Sei l’azienda X. Per restare sul mercato devi vendere, e vendere sempre di più. Per farlo ti rendi conto che devi imparare a usare la rete, sia per produrre sia per vendere. Ti ci incarti, non capisci, intravedi possibilità, trasecoli scoprendo che i tuoi clienti parlano di te e spesso dicono cose che non ti piacciono e altre cosa che ti piacciono tantissimo. Intuisci prospettive interessanti, hai fretta, vuoi i risultati. Entri in questo mondo caratterizzato dalla libertà di movimento e di espressione per godere degli effetti positivi di questa libertà, ma applichi gli stessi criteri di controllo e manipolazione così comodi negli altri media. Dici che sei social , ma vuoi solo continuare a ripetere ossessivamente il tuo messaggio. Proclami il tuo interesse per la simmetria del rapporto ma pretendi di imporre e misurare e determinare ogni minima reazione, se non riesci chiudi, proibisci, annaspi.
In psicologia dire una cosa e farne un’altra si chiama doppio legame ed è considerato una delle cause della schizofrenia: tecnicamente è una situazione in cui un destinatario riceve contemporaneamente due messaggi contraddittori. Nella sua formulazione originale, dovuta a Gregory Bateson, l’incongruenza è tra il messaggio esplicito e gli altri canali comunicativi, come il tono di voce, i gesti, i comportamenti impliciti. Posso dirti “mi piaci tantissimo” fino a perdere la voce, ma se mentre lo dico indietreggio e respingo una carezza esprimo anche il messaggio opposto.
In casi meno gravi il doppio legame prende la forma più blanda di messaggio conflittuale, creando semplicemente delle false verità: se separiamo il contenuto del messaggio dal comportamento collegato, come capita regolarmente quando questo messaggio viene pubblicato, la sintesi di queste mezze verità tende a creare dei falsi miti, come spiegato molto bene qui da Gigi Tagliapietra .
Questo è più il caso della controparte, in questo caso noi, che certo non aiutiamo l’azienda X a capire come muoversi. Sono anni che ci lamentiamo che le aziende non sanno usare la rete, non la capiscono, la usano solo per i banner, eppure quando cercano di fare qualche timido passo nella rete “vera” li bastoniamo senza pietà, molto spesso per partito preso o con motivazioni pretestuose. Critichiamo l’arretratezza del marketing nell’uso della rete, ma anche qualunque iniziativa abbia luogo in rete da parte del marketing.
I falsi miti sono tanti e non aiutano a migliorare una situazione già di per sé compromessa, in cui entrambe le parti tendono a generalizzare la propria opinione invece di analizzare a fondo le singole situazioni nella loro specificità.

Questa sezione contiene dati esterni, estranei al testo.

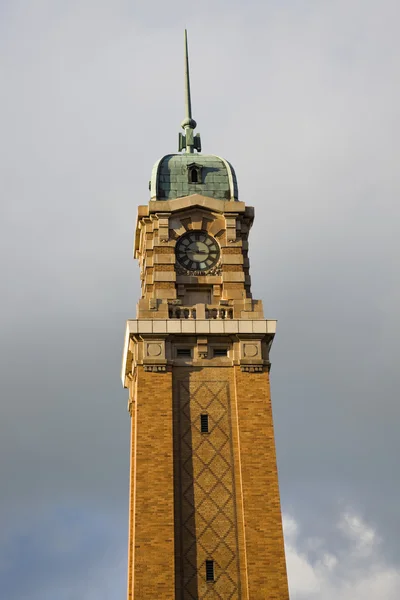 Věž s hodinami v městě ohio — Stock fotografie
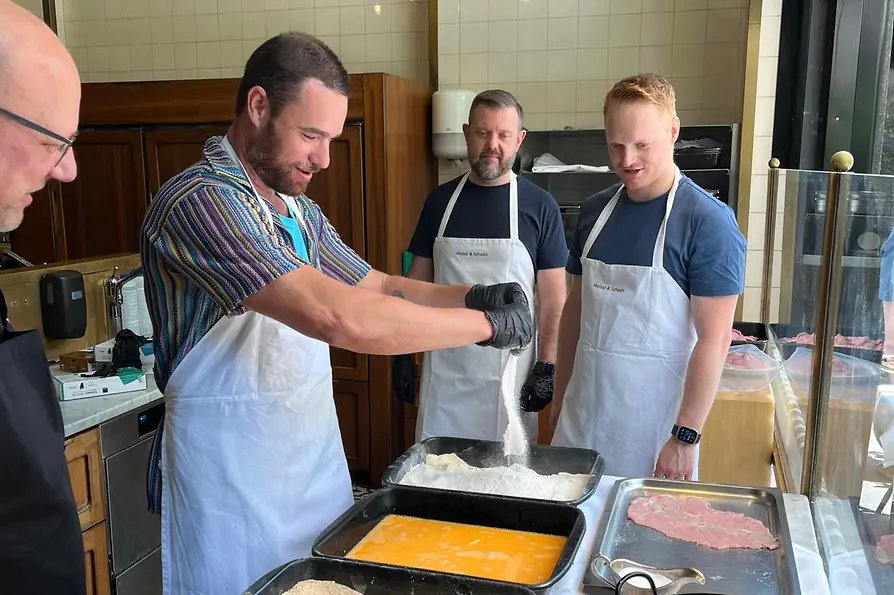 Personen nehmen bei einem Schnitzel Workshop teil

Per esempio è opinione comune che i messaggi pubblicitari siano fastidiosi anche perché poco rilevanti e troppo generici, ma quando viene proposto di ricevere messaggi personalizzati in base a dati raccolti in forma anonima i partecipanti a un’indagine rispondono così :
il 57% non si dichiara contento del fatto che si usino di dati della propria cronologia di navigazione per mostrare pubblicità interessante, anche quando le informazioni sono trattate in modo anonimo e non contengono “dati personali”
e
Il 42% di consumatori invece preferirebbe che i pubblicitari non tracciassero la loro navigazione sul web, anche se questo comporta dover ricevere pubblicità a cui non sono interessati.
Non si può neanche concludere che è meglio che le aziende stiano lontane dalla rete e non invadano i nostri spazi anche qui (posizione rispettabilissima che in molti ambiti condivido): un altro piccolo doppio legame è che diamo per scontato lo scarso interesse di chiunque alle forme di promozione pubblicitaria, eppure i siti di molte aziende sono visitati ogni giorno da migliaia di persone che si espongono volontariamente ai loro prodotti.
Secondo Bateson però il doppio legame poteva anche essere creato apposta a scopo di cura. Da questo punto di vista lo spirito di ogni attività di digital marketing dovrebbe essere riassunto così: far sì che una persona interessata a un brand trovi facilmente qualunque cosa cerchi, senza infastidire gli altri.